利用者の行動遷移データを活用し、オンライン取引の不正を防止(EMCジャパン)

2014年10月17日8:09不正オンライン取引検知ソリューション「RSA Web Threat Detection」が機能強化オンラインバンキング、eコマースサイトへの導入を目指す

EMCジャパンは、2014年10月16日に記者会見を行い、インターネットバンキングやeコマースサイトなど、オンライン取引サービスのサイト訪問者の閲覧軌跡を解析して、不正な行動を検出する不正オンライン取引検知ソリューション「RSA Web Threat Detection(アールエスエー ウェブ スレット ディテクション)5.0」(旧製品名:RSA Silver Tail)の提供を開始したと発表した。

eBay/PayPalからスピンアウトした技術者が開発
コンセプトは「“Goods”のモデル化」

RSA Web Threat Detectionは、米国・eBayおよびPayPalでオンライン決済の不正取引を検知するツールを開発した技術者がスピンアウトしたSilver Tail System社をEMCが買収して提供している製品となる。

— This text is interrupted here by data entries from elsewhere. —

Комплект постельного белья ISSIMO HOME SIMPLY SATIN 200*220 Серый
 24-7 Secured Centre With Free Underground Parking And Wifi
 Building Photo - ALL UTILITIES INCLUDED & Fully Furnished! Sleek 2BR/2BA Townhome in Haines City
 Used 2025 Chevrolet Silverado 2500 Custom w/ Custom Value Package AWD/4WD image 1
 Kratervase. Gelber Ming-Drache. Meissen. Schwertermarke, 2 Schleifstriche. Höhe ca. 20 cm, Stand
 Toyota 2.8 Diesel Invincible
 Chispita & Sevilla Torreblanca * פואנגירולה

記者会見の冒頭に挨拶したEMCジャパン RSA事業本部 本部長 貴島直也氏は、オンラインの取引は昨今、個人を狙ったものに加え、「法人の被害が広がってきた」と説明した。

EMCジャパン RSA事業本部 本部長 貴島直也氏
EMCジャパン RSA事業本部 本部長 貴島直也氏

不正被害の防止に向けては、ユーザー自身による二要素認証やデバイスIDの導入、ファイアウォールやIDS/IPSといったネットワークの防御、WAFや脆弱性診断、ログ分析といったアプリケーションなどの対策が行われていた。しかし、犯罪者はこうした対策を踏まえて攻撃を仕掛けるため、「いたちごっこが続いていた」という。

オンラインサービスの不正の状況(警視庁データより)
オンラインサービスの不正の状況(警視庁データより)

RSA Web Threat Detectionのコンセプトは「“Goods”のモデル化」となる。具体的には、サイト訪問者全体の膨大な行動遷移データを活用する。導入企業は、訪問者の大多数である正規利用者の行動遷移から大きく外れる行動や、利用者個人の普段の行動遷移と異なる動きを検出。これにより不正な行動や疑わしい行動を発見して、正規利用者になりすまして行われる不正活動を未然に防ぐことができるという。企業にとっては、有機的に犯罪攻撃を見つけることができ、ユーザーも不便を被らないメリットがあるそうだ。正常なユーザーと違った行動をはじき出すモデルにより、「犯罪者は対策のしようがない」とEMCジャパン RSA事業本部 事業推進部 シニアビジネスデベロップメントマネージャー 花村実氏は自信を見せる。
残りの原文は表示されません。